== Given data ==
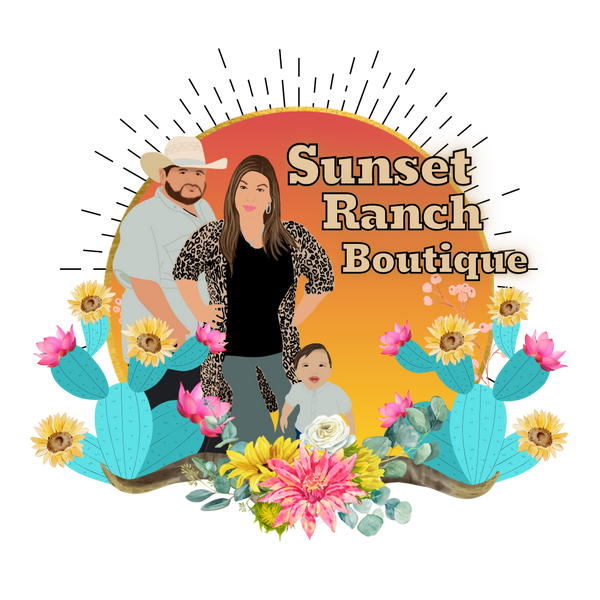 Sunset Ranch Boutique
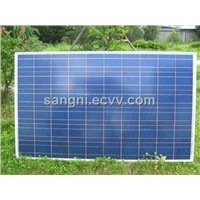 Solar Panel (ZDNY-180D)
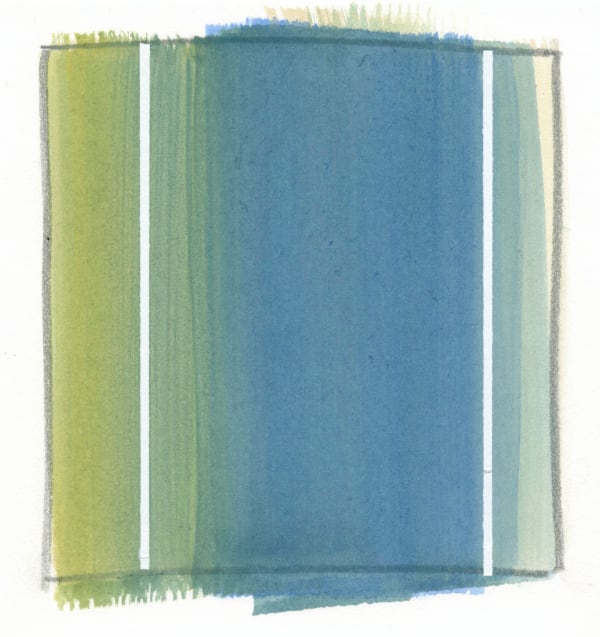 Matthew Langley Celtic, 2019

== Work required ==
The aim is an exact repeat of the entire listing, stripped of pictures.

== Task answer ==
 Sunset Ranch Boutique
 Solar Panel (ZDNY-180D)
 Matthew Langley Celtic, 2019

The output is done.